Nuclearity, Schatten-von Neumann classes, distribution of eigenvalues and $L^p$-$L^q$-boundedness of Fourier integral operators on compact manifolds

Abstract: We link Sogge's type $L^p$-estimates for eigenfunctions of the Laplacian on compact manifolds with the problem of providing criteria for the $r$-nuclearity of Fourier integral operators. The classes of Fourier integral operators $I^\mu_{\rho,1-\rho}(X,Y;C)$ considered here are associated with complex canonical relations $C$, i.e. they are parametrised by a complex-valued phase function. Our analysis also includes the case of real canonical relations, namely, the class of Fourier integral operators with real-valued phase functions. The nuclear trace in the sense of Grothendieck is investigated for these operators as well as the validity of the Grothendieck-Lidskii formula on Lebesgue spaces. Criteria are presented in terms of the factorisation condition for the complex canonical relation.

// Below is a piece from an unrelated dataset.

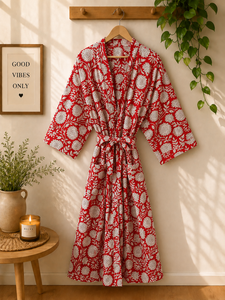 Wholesale Cotton <b>Kimono</b> Robe Women | Printed Open Front <b>Cardigan</b> | Vacation Resort Wear | Private Label OEM ODM Manufacturer - Product Image 4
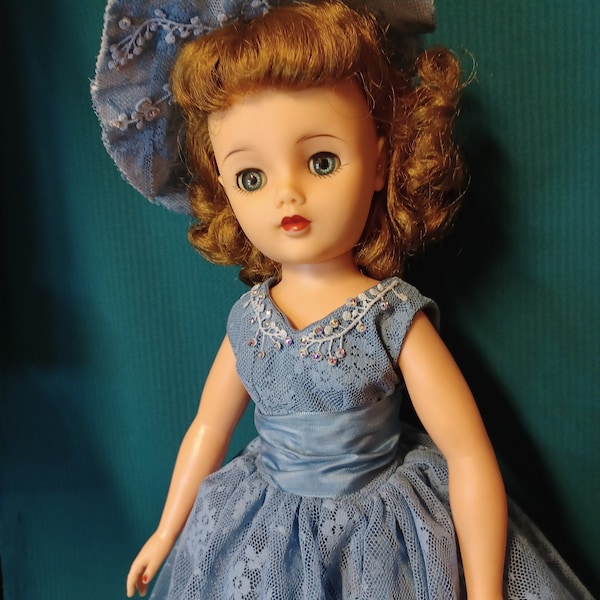 VT 20 Miss Revlon Dress and Petticoat/ Blue Lace and Rhinestones/ Cissy, Dollikin too!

Necessary and sufficient conditions for the membership of Fourier integral operators in Schatten-von Neumann classes are presented in the case where the Schatten index $r>0$ belongs to the set $\mathbb{N} $ and sharp sufficient conditions are presented in the general case $r>0$. In particular, we establish necessary and sufficient conditions for the membership of Fourier integral operators to the ideal of trace class operators and to the ideal of Hilbert-Schmidt operators on $L^2(X)$. The rate of decay of eigenvalues and the trace of Fourier integral operators is also investigated in both settings, in the Hilbert space case of $L^2(X)$ using Schatten-von Neumann properties and in the context of the Banach spaces $L^p(X),$ $1<p<\infty,$ utilising the notion of $r$-nuclearity.